### Data records

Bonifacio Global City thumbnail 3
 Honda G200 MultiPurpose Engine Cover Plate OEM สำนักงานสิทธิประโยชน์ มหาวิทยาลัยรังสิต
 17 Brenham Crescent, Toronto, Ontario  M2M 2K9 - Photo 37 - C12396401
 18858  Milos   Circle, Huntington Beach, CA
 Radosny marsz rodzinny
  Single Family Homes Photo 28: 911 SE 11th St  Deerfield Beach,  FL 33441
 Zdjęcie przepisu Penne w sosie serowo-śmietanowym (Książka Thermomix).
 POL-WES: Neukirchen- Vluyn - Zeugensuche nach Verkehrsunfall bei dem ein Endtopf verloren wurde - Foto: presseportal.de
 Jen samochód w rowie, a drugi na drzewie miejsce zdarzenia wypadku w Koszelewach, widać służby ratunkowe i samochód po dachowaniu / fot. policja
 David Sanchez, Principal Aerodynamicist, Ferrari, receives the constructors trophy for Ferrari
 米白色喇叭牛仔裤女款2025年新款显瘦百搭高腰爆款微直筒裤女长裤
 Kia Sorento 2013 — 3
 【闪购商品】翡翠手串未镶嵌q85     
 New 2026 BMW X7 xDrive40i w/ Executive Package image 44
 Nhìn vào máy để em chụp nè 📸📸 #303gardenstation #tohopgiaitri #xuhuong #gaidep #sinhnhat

######

◆ **Activity**
Among the records above, find each line containing the string "Beach" and copy it.

◆ **Answer space**
 18858  Milos   Circle, Huntington Beach, CA
  Single Family Homes Photo 28: 911 SE 11th St  Deerfield Beach,  FL 33441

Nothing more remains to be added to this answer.